Directions: From the records below, return every line containing the word "Hotel".

---------- Working data ----------

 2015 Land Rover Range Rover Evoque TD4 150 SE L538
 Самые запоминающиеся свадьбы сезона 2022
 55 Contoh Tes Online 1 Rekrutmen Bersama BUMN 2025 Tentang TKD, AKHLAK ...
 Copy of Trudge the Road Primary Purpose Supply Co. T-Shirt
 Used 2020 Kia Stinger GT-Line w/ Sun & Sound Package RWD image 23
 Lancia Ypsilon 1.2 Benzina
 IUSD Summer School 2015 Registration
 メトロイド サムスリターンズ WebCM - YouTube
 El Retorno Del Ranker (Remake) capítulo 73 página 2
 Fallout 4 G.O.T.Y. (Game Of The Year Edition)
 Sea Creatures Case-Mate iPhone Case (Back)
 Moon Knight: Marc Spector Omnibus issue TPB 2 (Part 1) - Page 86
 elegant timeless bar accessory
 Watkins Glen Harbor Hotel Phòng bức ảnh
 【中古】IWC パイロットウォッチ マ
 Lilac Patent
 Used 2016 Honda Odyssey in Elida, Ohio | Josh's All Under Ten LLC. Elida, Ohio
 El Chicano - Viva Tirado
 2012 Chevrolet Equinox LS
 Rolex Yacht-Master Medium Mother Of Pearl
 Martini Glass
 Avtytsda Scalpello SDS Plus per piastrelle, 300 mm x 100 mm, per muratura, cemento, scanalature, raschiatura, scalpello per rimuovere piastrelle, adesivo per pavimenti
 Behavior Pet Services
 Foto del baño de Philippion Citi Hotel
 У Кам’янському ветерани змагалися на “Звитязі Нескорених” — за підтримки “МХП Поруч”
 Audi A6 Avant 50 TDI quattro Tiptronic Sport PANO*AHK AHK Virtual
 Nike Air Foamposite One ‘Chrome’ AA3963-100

----------

Reply to the task:
 Watkins Glen Harbor Hotel Phòng bức ảnh
 Foto del baño de Philippion Citi Hotel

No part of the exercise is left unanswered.